A verdade é que, ano após ano, o 25 de Abril e o 1º de Maio são apenas dois jeitosos e oportunos feriados, que trazem uns políticos nostálgicos ou revivalistas a lembrar um passado já assustadoramente desconhecido, e uns aplicados sindicalistas a juntar colegas entediados e contrariados, e que quase todos aproveitam muito descontraidamente para pôr em dia a limpeza do escritório, ou para concretizar o tal churrasco familiar adiado desde as férias do Verão, ou para esturrar o cartão de crédito em compras de electrodomésticos que se usam duas vezes ao longo do ano, talvez no 25 de Abril e no 1º de Maio.

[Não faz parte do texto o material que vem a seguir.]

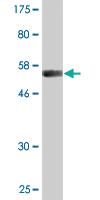 Anti-VWF Mouse Monoclonal Antibody [clone: 1A11]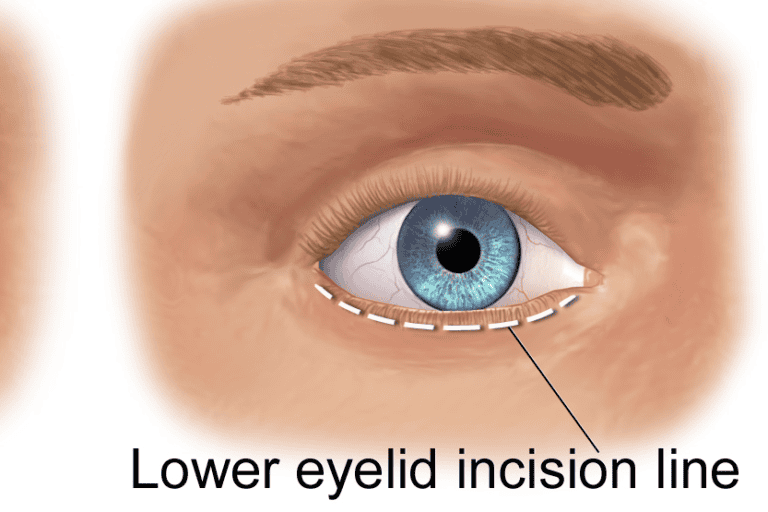 Eyelid Surgery (Blepharoplasty) Surgery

A verdade é que, ano após ano, é maior o número de idosos que desaparecem sem terem sabido cultivar o legado do que sentiram na pele durante décadas, quer as agruras e as barbaridades do fascismo, quer as utopias, os sonhos, os projectos e as desilusões da revolução e da contra-revolução.
A verdade é que, ano após ano, é maior o número de adultos que nem se lembra de contar aos filhos como era no tempo dos avós, e nem contam como era no tempo em que eles eram da idade dos filhos, e corriam pelas ruas com cravos vermelhos nas mãos, e gritavam a rir os slogans do entusiasmo popular, em cima de tractores enfeitados com dizeres exortativos, entre vivas à liberdade e ao socialismo e morte ao fascismo para nunca mais! E depois vivia-se em festa até ao 1º de Maio, que os atirava para as ruas novamente, de braço erguido ao lado dos pais, a imitar-lhes também as palavras de ordem contra o capitalismo e a vibrar em bramido sentido todas as sílabas da Internacional.

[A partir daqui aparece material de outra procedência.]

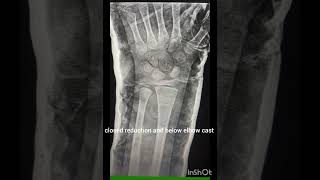 fracture anatomy orthopaedics plaster hospital treatment recover trauma ortho treatments [upl. by Casimire]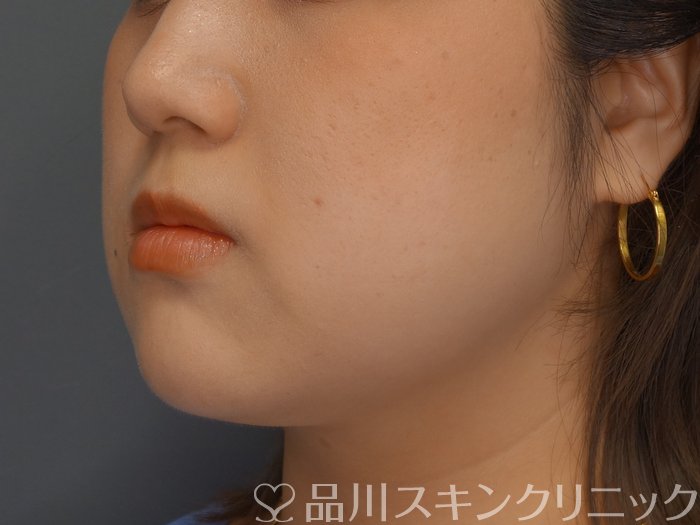 症例NO.74129のAFTER写真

A verdade é que, ano após ano, é maior o número de jovens que não faz a mínima do que foi o 24 de Abril, do que foi o 25 de Abril, e do que foi o 26 de Abril, nem do que foi e é e o que significa o 1º de Maio. Porque os avós se esqueceram de lhes contar, porque os pais estão mais entretidos com o futebol e a telenovela, e porque o nosso sistema educativo também se está a lixar para história política portuguesa contemporânea, ou se entretém, antes, com o desfile dos acontecimentos espectaculares, com as personalidades folclóricas e com os enviesamentos emocionais. E depois Salazar passa pelo maior bem feitor da pátria e Álvaro Cunhal por um um comedor de criancinhas ao pequeno-almoço, Marcelo Caetano por um democrata moderno e os capitães de Abril por uns cobardes que não queriam ir para África matar pretos, os membros da PIDE por uns senhores respeitáveis que punham na ordem terroristas e agitadores e a reforma agrária por um roubo violento.

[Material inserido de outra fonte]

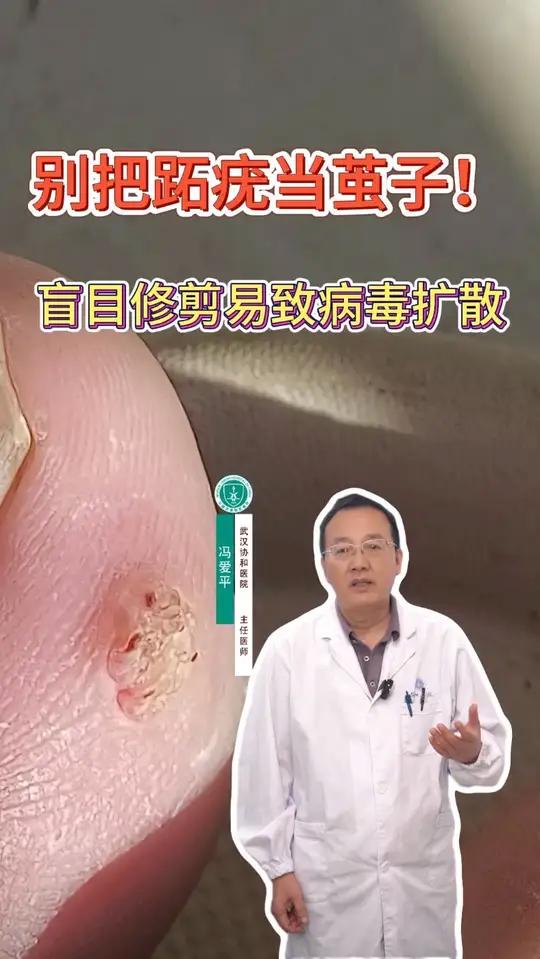 脚上长的这种小疙瘩,可别以为是普通茧子!这其实是跖疣!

A verdade é que, ano após ano, as comemorações do 25 de Abril e do 1º de Maio são o “picar do ponto” dos profissionais políticos da esquerda mais à esquerda e o “encontro anual” dos pais e padrastos da revolução. Sem chama, sem vida, sem mobilização.
A verdade é que, ano após ano, a memória histórica tem de ser alimentada civicamente, nutrida pedagogicamente, adubada familiarmente, regada formativamente e intensivamente, para nos lembrarmos todos os dias quem somos e donde vimos, para sabermos melhor para onde queremos ir.